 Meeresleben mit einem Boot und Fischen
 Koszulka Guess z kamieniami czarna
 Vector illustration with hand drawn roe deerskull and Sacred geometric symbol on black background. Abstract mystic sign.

▶ **YOUR TASK**: Print out the whole listing exactly as it appears.

▶ **THE COMPLETED TASK**:
 Meeresleben mit einem Boot und Fischen
 Koszulka Guess z kamieniami czarna
 Vector illustration with hand drawn roe deerskull and Sacred geometric symbol on black background. Abstract mystic sign.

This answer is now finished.